Much to their credit, the authors acknowledge that another paper supports the restriction thesis in the context of general debt collection reforms. Writing for the Federal Reserve Bank of Philadelphia, Dr. Viktar Fedaseyeu reports that his econometric model seems to show that legislative restrictions on general debt collection activity lower the number of debt collectors, their recovery rates, and consequently the number of new credit card openings (by about 2% on average for every new restriction “point,” with a maximum of 8 points). I hate to level at this study the other standard critique of empirical research (“that can’t be true!”), but Dr. Fedaseyeu’s model is not particularly finely tuned (the “restriction” inputs seem wildly varying in importance and heavily weighted toward minutia like bonding requirements, though the model assigns them equal weight) and the result strikes me as modest at best (2% for a new restriction "point," with only a 6% difference between the 25th and 75th percentiles of point totals). It’s nice to simplify complex data, but I’m afraid this study crosses the line to oversimplification to cram a messy world into a nice, econometric model. One interesting statement buried late in the paper (p. 24) relates to the bugaboo about the effect of debtor protections on interest rates: “credit card interest rates do not appear to react to changes in debt collection regulations.” Hmmm. So does this paper help or hurt the credit lobby's standard script?
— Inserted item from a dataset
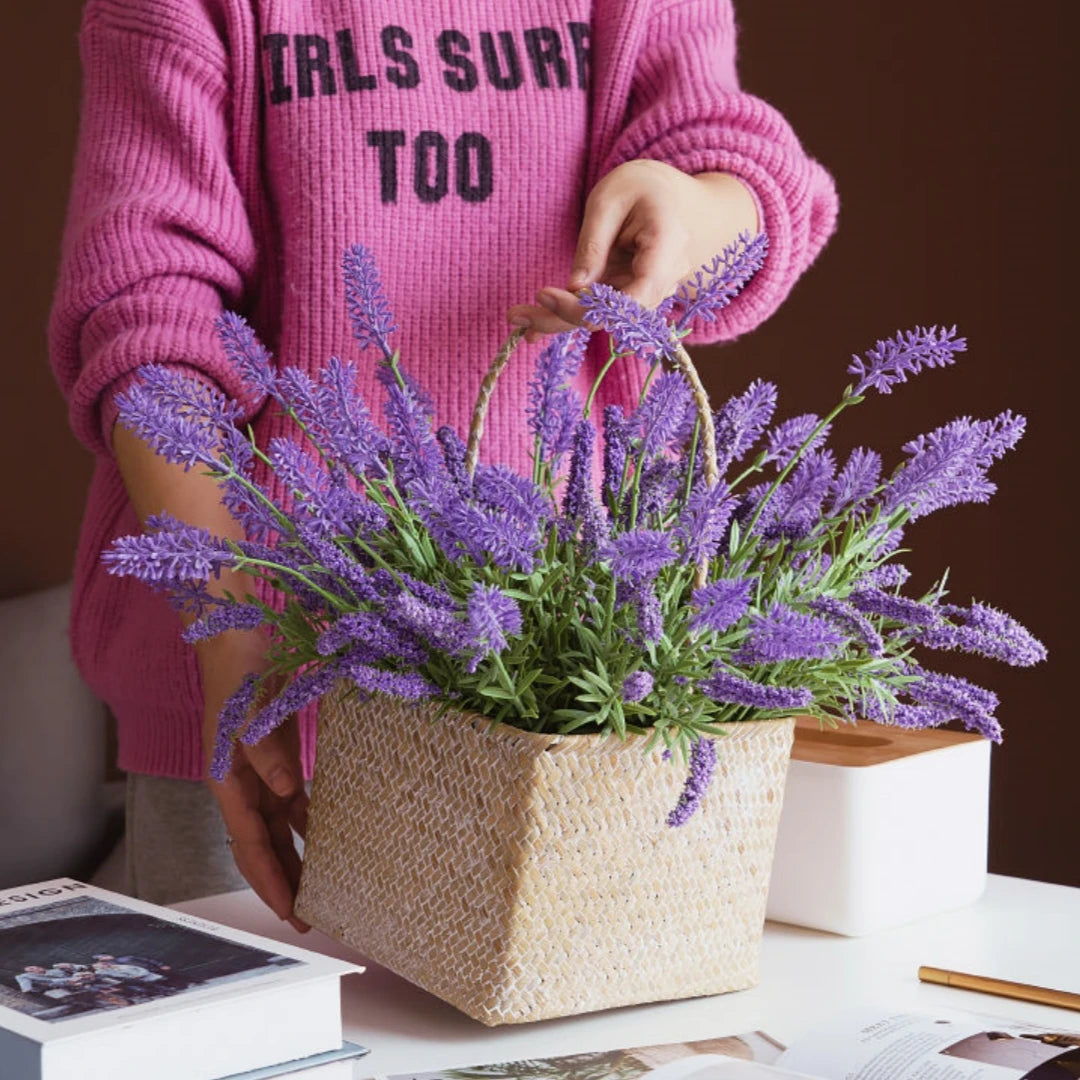 7-Branch 38cm Artificial Lavender Bouquet for Home Table Decor Hotel Wedding Floral Arrangement Fake Flower Oasis Select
The debate will rage on, and these two papers make significant, unique, and valuable contributions to it.

UPDATE:  For a withering critique of the Fedaseyeu paper, including an earlier version concentrated just on restrictions on debt collection practices (as opposed to licensing, bonding, etc., in the latest version), which apparently found no statistically significant impact on new credit lines (!), see the CRL's Review here.

Comments

There is a broader question, which is whether an effect on credit availability is necessarily a bad thing. I'll suggest that it isn't. We certainly hope that predatory lending reform encourages credit providers to make credit available on less extortionate terms. But this not being a command economy, government generally can't force a lender to make a loan or to stay in the lending business. However, having fewer poor people sucked into a permanent debt spiral is good.

Of course, we don't want credit availability to tighten up so much, in an overreaction, that even reasonable subprime credit is cut off. We also don't want credit cutbacks to result in increased evictions, or in job losses because people can't keep cars needed to get to work. Fedasayeu throws up his hands and says the "consumer welfare" effect of tightening credit is uncertain.

I'm also wondering if markets do adjust to changes in regulation, but it takes a while. In other words, does the two year post-reform period studied allow enough time for the market to reach a new equilibrium where products do emerge to meet the demand for beneficial subprime credit?

FYI, Freakonomics did a story this week on payday lending and its effects. Available here: http://freakonomics.com/podcast/payday-loans/

I SO love Freakonomics. Their main source is Robert DeYoung, who sits in an endowed chair paid for by a bank. I'm not going to bother going into the "stats" because they've been covered (better than I can) in numerous other places.

I don't mind that the podcast didn't get around to the question of whether the academic research if flawed or if some of the researchers are in bed with the industry until almost the end. Podcasts aren't structured like newspapers stories, so it is not uncommon for a podcast to hold some of the juicier bits until the end.

I agree, some tightening of the availability of credit is necessary. I have found credit to be as dangerous to people's health as salt. No-one argues that the government should eliminate salt, but most responsible people who are not total libertarians agree that there is currently too much salt in processed foods and are OK with government putting some restrictions on salt content.

Freakonomics wants to be treated as a player that the Serious People should listen to, not as some guy banging away in his mother's basement. But it routinely acts the latter. I'm well aware podcasts aren't scholarly articles, but if you want to be taken seriously, you supplement your podcasts.